-------- Material to process
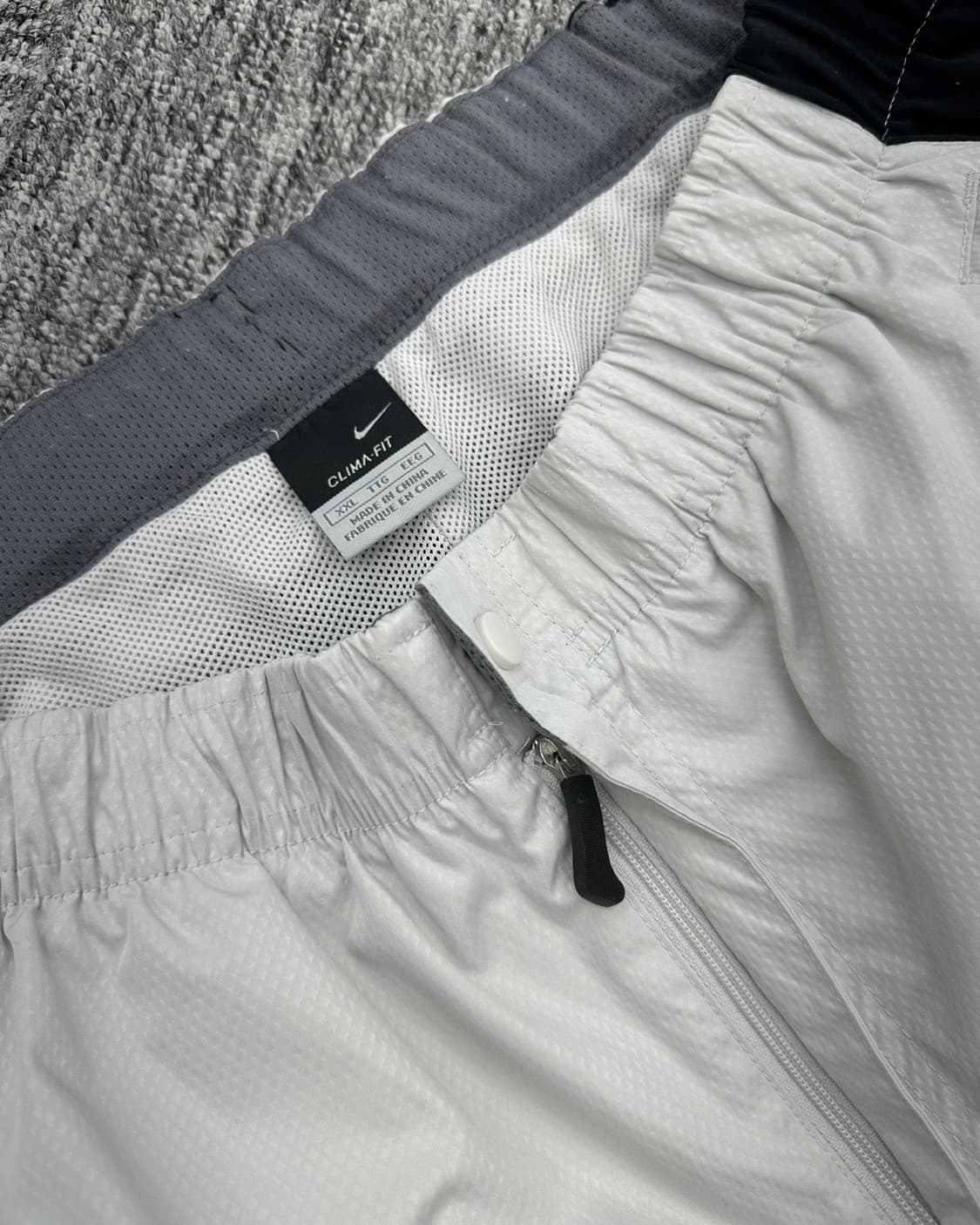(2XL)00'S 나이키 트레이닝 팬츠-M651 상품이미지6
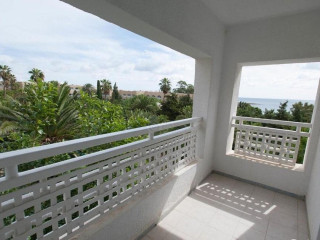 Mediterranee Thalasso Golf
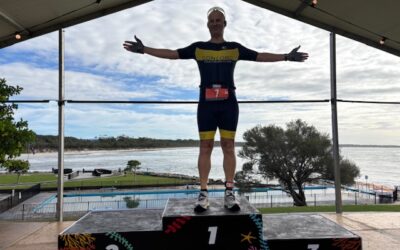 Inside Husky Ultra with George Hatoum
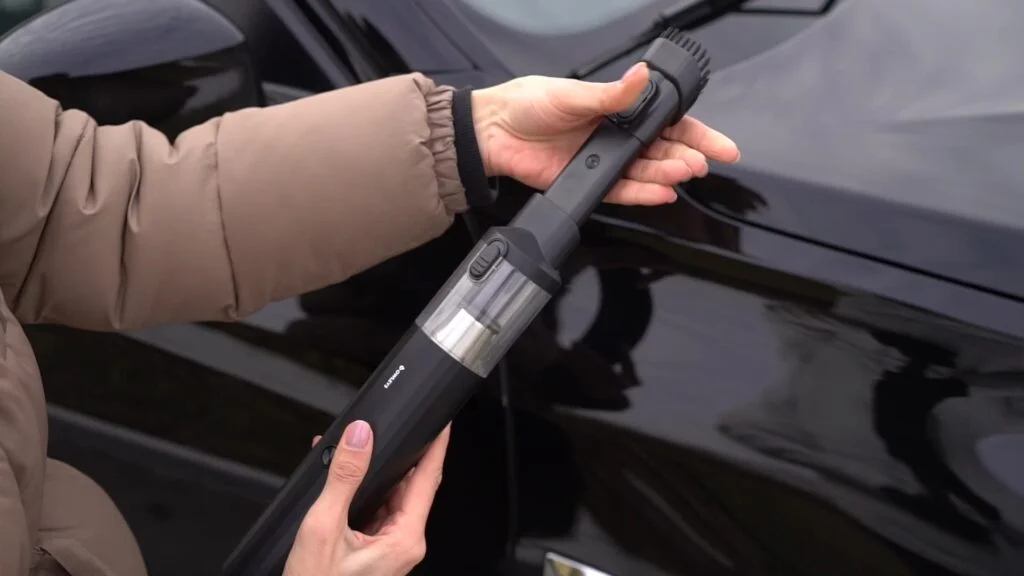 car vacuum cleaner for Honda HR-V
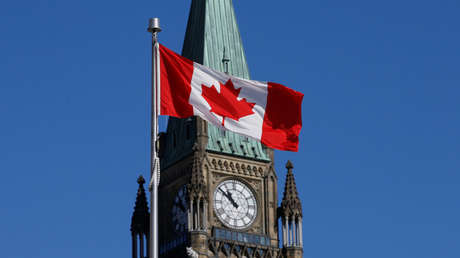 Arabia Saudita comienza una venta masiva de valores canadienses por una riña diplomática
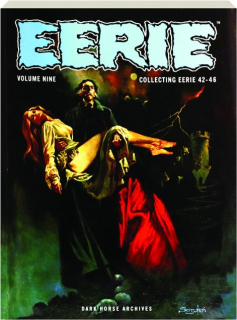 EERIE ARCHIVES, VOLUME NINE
----------------
* Your task *
No pictures belong in the output. It should reproduce exactly the lines from the one containing "Mediterranee Thalasso Golf" through the end of the data, both ends included.

* Output *
 Mediterranee Thalasso Golf
 Inside Husky Ultra with George Hatoum
 car vacuum cleaner for Honda HR-V
 Arabia Saudita comienza una venta masiva de valores canadienses por una riña diplomática
 EERIE ARCHIVES, VOLUME NINE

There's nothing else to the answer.